Only one nit here: due to the location of the batteries, the hybrid makes due without the middle row stow-and-go seats and seating is limited to seven, so you'll need to switch to the gasoline-only Touring L if you plan on hauling more people or the gasoline-only Touring LX-and-above versions if you plan on hauling just stuff.
The Best and Worst Things
The Pacifica Hybrid's good looks, slick interior, overall versatility, and spectacular fuel economy make it the star of the minivan class. But while it offers the availability of a wide range of advanced safety systems, the most useful ones are optional only on the Limited trim.
Right For? Wrong For?
Like the regular Pacifica, it's really a shame that consumers are migrating away from minivans to crossovers, as the hybrid's blend of style, comfort, versatility, and terrific fuel efficiency make it a more compelling option for most families.

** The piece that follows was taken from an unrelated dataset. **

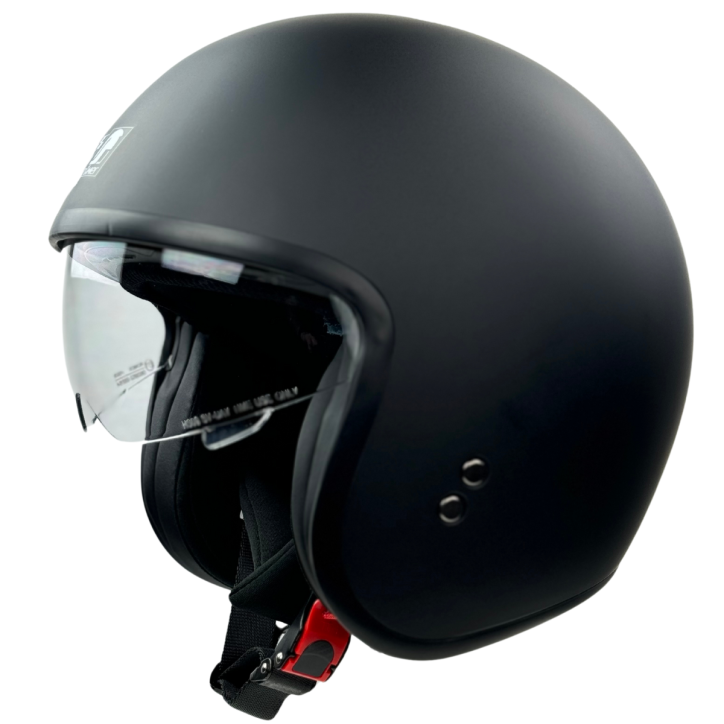 Roleff RR10701 - Römer Jethelm - Motorradhelm mit Sonnenvisier + gratis klarem Visier, mattschwarz Lagerräumung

Forward collision warning, automatic emergency braking, adaptive cruise control, lane departure warning with driver assist, blind-spot monitoring, and a surround-view camera are only available as part of a $995 package on the top Limited model, which might affect the buying decisions of safety-focused shoppers.
The Bottom Line
Despite lacking the choice of advanced safety features on all but the Limited model, the 2018 Chrysler Pacifica Hybrid is a top choice in the minivan segment due to its sleek styling, solid handling, outstanding fuel economy, and innate versatility.